Think the current Titanium Ingot, only 3x as long.

The "best" part was the fact it would erase your items if you tried to craft something else before manually clicking on the object you just crafted. Which was also praised as good realistic immersive gameplay.

And the usual "It's not X bad, it's only Y bad! Get it right!" Dev commentary about how things did no literally take a full minute to craft! Why, if you look at this chart you can clearly see it's 40 seconds tops!

Though I don't think we'll beat them jumping into the dozenth thread full of hundreds of complaints about bonesharks ramming the cyclops from miles around to cherry pick "SANDsharks don't attack the cyclops! Stop spreading misinformation!" to the one guy who wrote the wrong type of shark.

It's amazing the launch product ended up even in the state we got. Uphill battle to get even stuff like Crash fish one-shot killing the seamoth while driving it out in the open because they were multi stacking damage as an admitted bug.

Section Z fucked around with this message at 05:01 on Mar 4, 2018

Rutibex
Sep 9, 2001

by Fluffdaddy

EponymousMrYar posted:

52/53 scrap metal sounds like a lot but I'm pretty sure swimming around the Aurora and cleaning it up will get you that much by itself, maybe cleaning up the Shallows as well.


Or the thing that actually happened, the introduction of crafting time when everything was previously 'it takes as long to make as the animation of it being made does.'

Think the current Titanium Ingot, only 3x as long.

This is a big gripe I have with a lot of crafting/survival games. There is nothing fun about waiting for a progress bar to fill up, what does crafting time add to anything? It is my one major problem with Empyrion.

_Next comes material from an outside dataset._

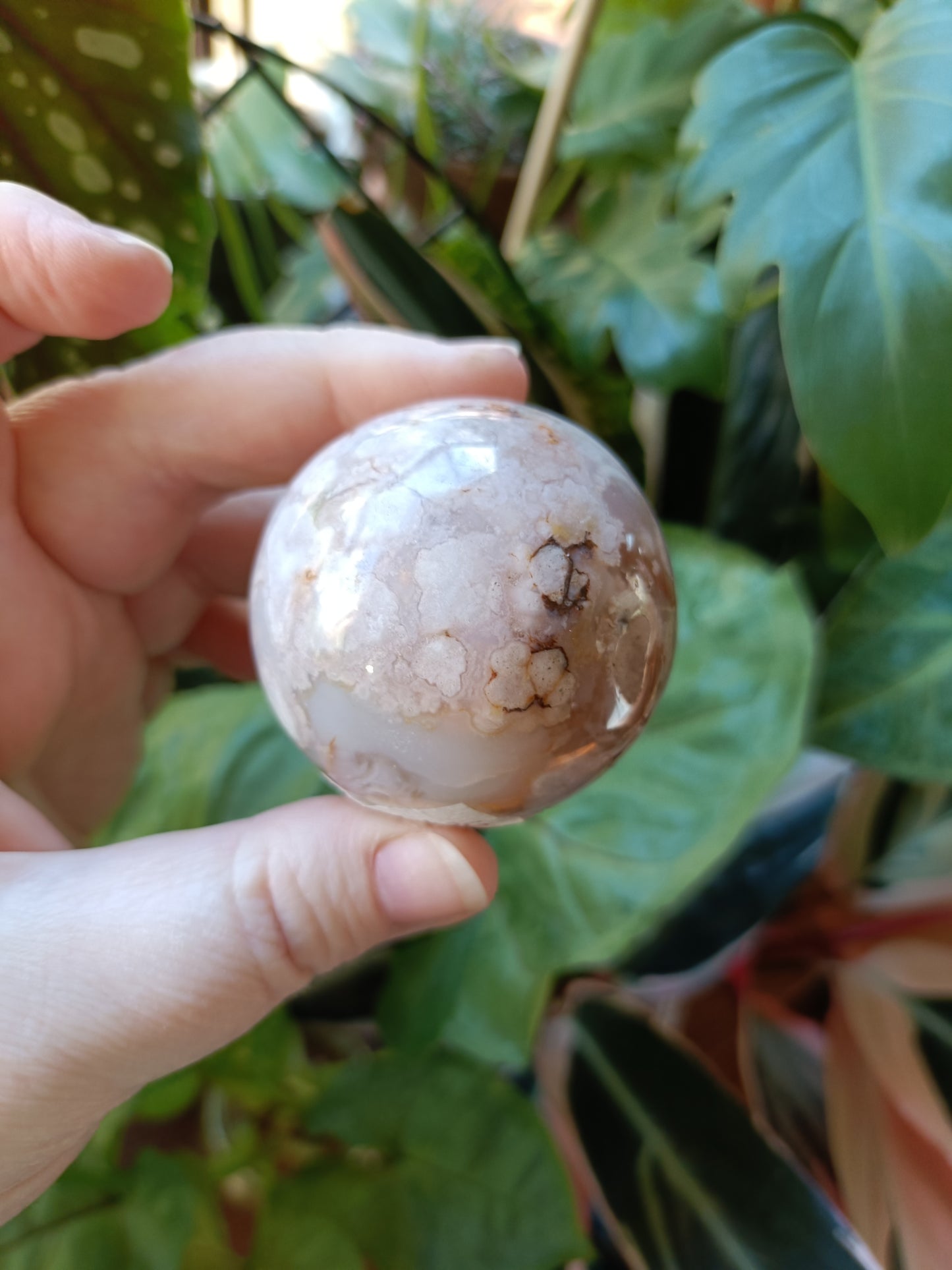 Pink Flower Agate Sphere - 180g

I am very glad that Subnautica doesn't make you wait to craft things, the same as it doesn't make you dig a hole into the terrain for 5 min before you get some ores.

Cojawfee
May 31, 2006
I think the US is dumb for not using Celsius
Ugh, the "it's totally realistic that this fake technology would take 30 seconds to turn scrap metal into titanium" crowd was the absolute worst.

Meskhenet
Apr 26, 2010

My 350m long vertical base joiner so that i could build solar panels to power my lost river preparation base took a lot of titanium. :colbert:

That i had to build 2 of them because a reaper decided to swim directly above my first one made it even more expensive.

I am half tempted to save my game , get the prawn suit and just see what i can do.



As for the octopus things. They are KOS, stasis rifle, thermal knife.

I need to get cured though. Warpers still scare the crap out me me :/

I havent logged back in since falling through the cyclops. I will a bit later and head down into the lost river. (You take the prawn rather than the seamoth right? which means i will have to either ferry my prawn from a land far away, or walk it across the ocean.)

Snow Cone Capone
Jul 31, 2003


Cojawfee posted:

Ugh, the "it's totally realistic that this fake technology would take 30 seconds to turn scrap metal into titanium" crowd was the absolute worst.

the fact that I can build a giant submarine out of a few harvested parts is the justification I use when I console give myself a few things to fill out a crafting recipe.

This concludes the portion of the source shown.